Chapter 13: Chancellorsville
- On the march -- the light division passes our guns -- Marse Robert passes the light division -- the two little dogs of the battalion -- two of our guns take Chancellorsville in reverse -- interview with General McLaws -- entire regiment from New Haven, Conn., captured -- brother William and Marse Robert -- Sedgwick -- Hooker -- his battle orders -- his compliment to Lee's Army -- Lee's order announcing Jackson's death.

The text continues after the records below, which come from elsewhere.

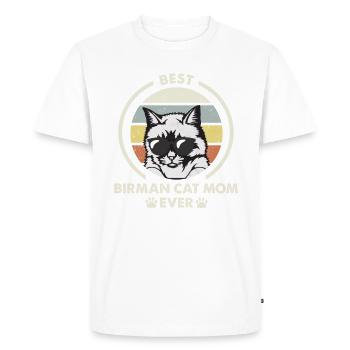 Maman chat - Chat birman - T-shirt Premium bio Homme - blanc - Devant - Nico (187cm)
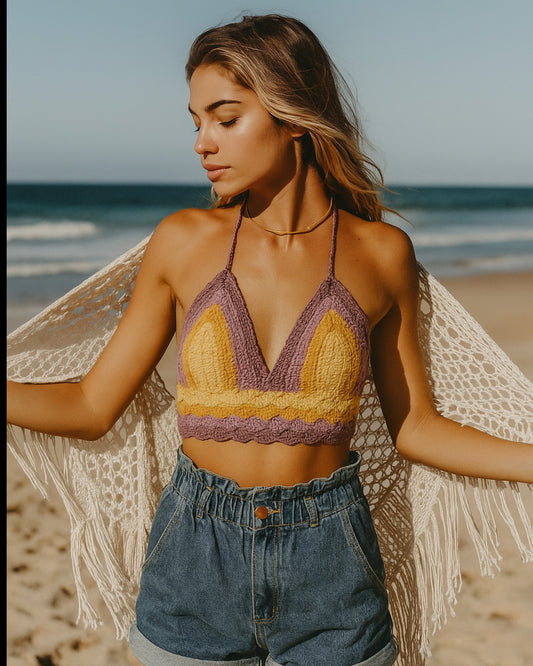 Ladies Crochet Top - Front View on Mannequin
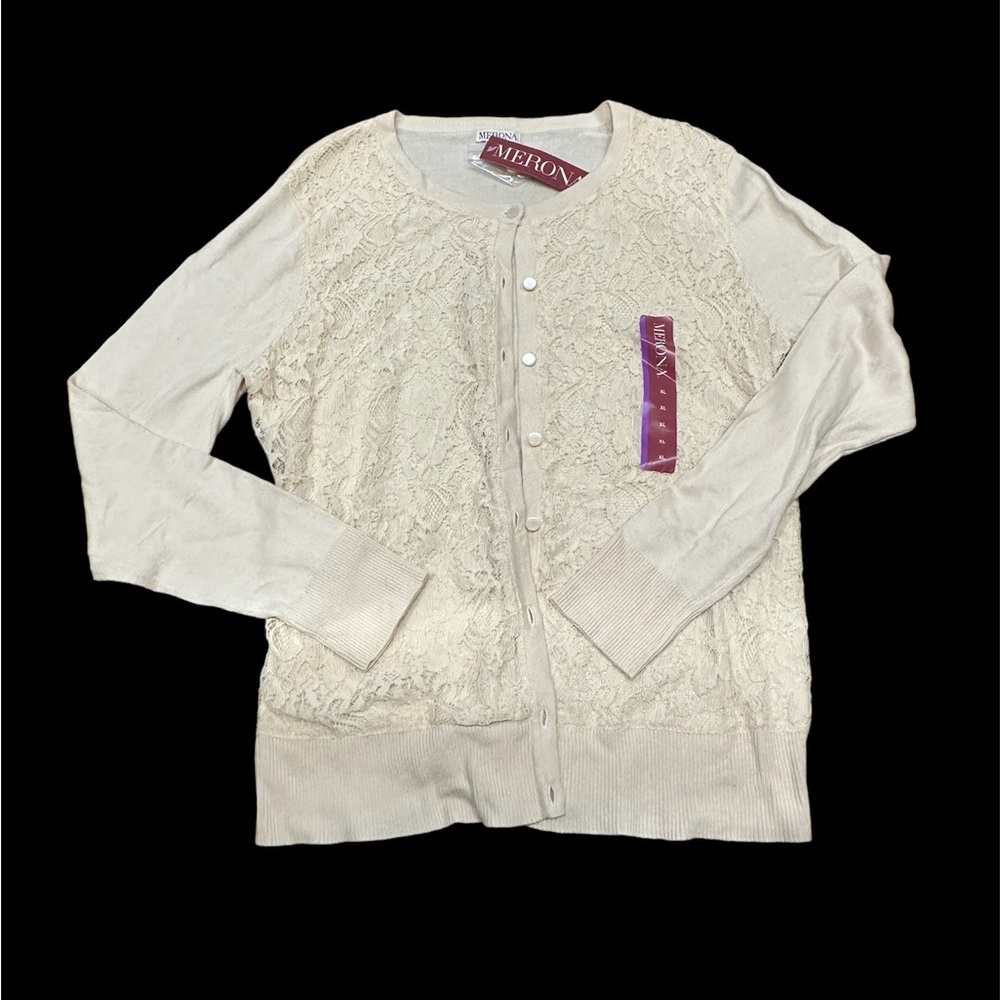 Merona laced refined cardigan caraway seed XL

I recall but one or two features of the march to Chancellorsville. We were with McLaws' division, and of the 14,000 (Anderson's and McLaws' commands) with which General Lee undertook to hold, and did hold, the front of Hooker's 92,000, while Jackson, with the balance of our forces, swung around his right flank and rear. Two of our batteries, the Howitzers and Manly's, left Fredericksburg at midnight, April 30th, 1863, and early on the morning of May 1st were drawn up in column on the side of the Old Turnpike, head toward Chancellorsville, to allow the “Light division,” as Gen. A. P. Hill's command was called, to pass. Jackson, as we understood, was somewhere ahead, and Hill's superb troops seemed to be resolved that he should not be compelled to wait even a moment for them. They were in light marching order, and I thought I had never seen anything equal to the swinging, silent stride with which they fairly devoured the ground. The men were magnified in the morning mist which overhung the low flat-lands they were traversing, and at the same time imparted a ghostly indistinctness of outline, which added to the impressiveness of the scene. All was silent as the grave, save the muffled and almost synchronous tread of the thousands of feet in the soft road, and the low clatter or jingle of accoutrements.